I've had my big pilot for about 15 months or so now and in that time have not really checked for accuracy but on the other hand have never had to reset the time due to been wildly inaccurate.

The only problem i have is due to my job my watch is mostly worn at the weekeds so on sundays when i take it off the reserve is at the max and by the friday night/saturday morn is usually at the line between the 2 and 3.

On about three occasions now i've went to get it and it's been between 12 to 24 hour slow.So the only issue i have is that on a few occasions my power reserve is nowhere near 7 days.

I forgot to mention i voted for between 0-7 seconds a day.


----------



## caprichin

My experience:

My seven days was running almost a minute fast.
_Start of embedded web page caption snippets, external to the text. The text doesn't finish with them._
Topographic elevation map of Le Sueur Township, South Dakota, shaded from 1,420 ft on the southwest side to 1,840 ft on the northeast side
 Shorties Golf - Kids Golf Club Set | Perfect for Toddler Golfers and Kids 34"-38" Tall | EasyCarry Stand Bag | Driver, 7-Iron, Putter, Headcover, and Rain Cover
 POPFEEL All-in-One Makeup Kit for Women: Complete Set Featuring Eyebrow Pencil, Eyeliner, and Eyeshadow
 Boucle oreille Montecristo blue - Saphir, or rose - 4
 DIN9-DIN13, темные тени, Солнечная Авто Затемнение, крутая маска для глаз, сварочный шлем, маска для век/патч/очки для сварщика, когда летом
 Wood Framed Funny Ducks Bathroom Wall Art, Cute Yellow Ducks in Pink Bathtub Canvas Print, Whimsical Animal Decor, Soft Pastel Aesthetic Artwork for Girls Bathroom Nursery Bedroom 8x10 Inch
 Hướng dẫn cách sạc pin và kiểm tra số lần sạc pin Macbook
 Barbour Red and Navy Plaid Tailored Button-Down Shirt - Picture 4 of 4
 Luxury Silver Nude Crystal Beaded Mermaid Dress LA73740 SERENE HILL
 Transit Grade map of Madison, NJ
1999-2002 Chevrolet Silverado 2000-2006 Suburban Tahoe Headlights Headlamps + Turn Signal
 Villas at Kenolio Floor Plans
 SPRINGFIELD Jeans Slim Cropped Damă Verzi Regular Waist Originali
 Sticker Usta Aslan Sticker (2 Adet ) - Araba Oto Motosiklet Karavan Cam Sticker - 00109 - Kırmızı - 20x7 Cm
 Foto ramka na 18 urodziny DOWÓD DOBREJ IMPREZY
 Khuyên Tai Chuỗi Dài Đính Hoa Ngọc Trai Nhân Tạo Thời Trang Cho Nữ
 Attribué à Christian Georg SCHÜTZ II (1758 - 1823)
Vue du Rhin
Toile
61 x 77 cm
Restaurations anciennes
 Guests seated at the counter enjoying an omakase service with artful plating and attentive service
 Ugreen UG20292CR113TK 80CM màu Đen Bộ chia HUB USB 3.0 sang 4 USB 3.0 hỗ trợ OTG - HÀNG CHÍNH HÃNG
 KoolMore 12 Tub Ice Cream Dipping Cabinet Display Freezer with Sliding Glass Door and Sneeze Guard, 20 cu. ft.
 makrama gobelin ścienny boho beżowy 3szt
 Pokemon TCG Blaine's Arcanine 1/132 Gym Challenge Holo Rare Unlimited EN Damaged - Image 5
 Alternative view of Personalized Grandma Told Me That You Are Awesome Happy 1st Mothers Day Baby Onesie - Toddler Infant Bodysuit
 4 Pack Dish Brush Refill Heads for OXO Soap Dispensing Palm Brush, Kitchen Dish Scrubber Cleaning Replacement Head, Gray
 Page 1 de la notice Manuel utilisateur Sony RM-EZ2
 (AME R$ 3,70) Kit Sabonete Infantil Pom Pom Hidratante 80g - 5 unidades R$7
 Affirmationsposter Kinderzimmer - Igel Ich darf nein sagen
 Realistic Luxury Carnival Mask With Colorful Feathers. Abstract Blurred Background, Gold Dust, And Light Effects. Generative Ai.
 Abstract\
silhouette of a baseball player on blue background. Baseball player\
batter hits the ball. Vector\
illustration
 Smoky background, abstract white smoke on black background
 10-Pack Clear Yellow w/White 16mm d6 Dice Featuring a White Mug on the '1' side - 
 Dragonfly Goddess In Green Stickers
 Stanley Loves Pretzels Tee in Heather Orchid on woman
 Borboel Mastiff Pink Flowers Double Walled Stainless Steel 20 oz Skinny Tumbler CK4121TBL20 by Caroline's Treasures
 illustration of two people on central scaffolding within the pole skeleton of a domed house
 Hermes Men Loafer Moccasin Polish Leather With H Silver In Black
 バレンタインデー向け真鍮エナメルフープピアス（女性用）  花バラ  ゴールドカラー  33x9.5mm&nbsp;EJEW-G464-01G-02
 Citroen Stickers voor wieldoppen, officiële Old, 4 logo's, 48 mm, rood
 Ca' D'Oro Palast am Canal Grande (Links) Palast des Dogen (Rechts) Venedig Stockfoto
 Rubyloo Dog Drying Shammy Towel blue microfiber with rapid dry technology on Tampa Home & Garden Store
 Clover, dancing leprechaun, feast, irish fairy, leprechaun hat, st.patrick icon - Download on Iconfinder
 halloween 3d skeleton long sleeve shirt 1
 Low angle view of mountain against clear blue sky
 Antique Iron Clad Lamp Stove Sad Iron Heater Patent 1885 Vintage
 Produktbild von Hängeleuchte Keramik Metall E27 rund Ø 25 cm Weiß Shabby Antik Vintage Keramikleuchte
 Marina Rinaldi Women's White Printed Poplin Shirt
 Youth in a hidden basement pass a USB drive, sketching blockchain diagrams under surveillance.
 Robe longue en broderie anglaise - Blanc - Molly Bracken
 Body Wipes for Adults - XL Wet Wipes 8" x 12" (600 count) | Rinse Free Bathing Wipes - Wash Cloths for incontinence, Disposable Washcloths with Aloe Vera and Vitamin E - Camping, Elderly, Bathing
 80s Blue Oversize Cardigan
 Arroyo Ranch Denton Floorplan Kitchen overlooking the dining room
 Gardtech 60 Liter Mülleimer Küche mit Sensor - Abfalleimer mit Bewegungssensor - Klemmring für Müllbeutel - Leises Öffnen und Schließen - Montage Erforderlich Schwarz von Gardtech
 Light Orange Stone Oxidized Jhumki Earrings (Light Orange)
Is now at IWC being fixed.

I also had a Portuguese chrono, that is ETA 7750, and i returned to the one that sold me (second hand) because it runned 35 s fast at least.

I had an Aquatimer Custeau no chrono limited edition of 2006, and it was really accurate. i think is also an ETA.

I have an Ingenieur manufacture just time AMG, and is one of my most exact watches (of a very big collection).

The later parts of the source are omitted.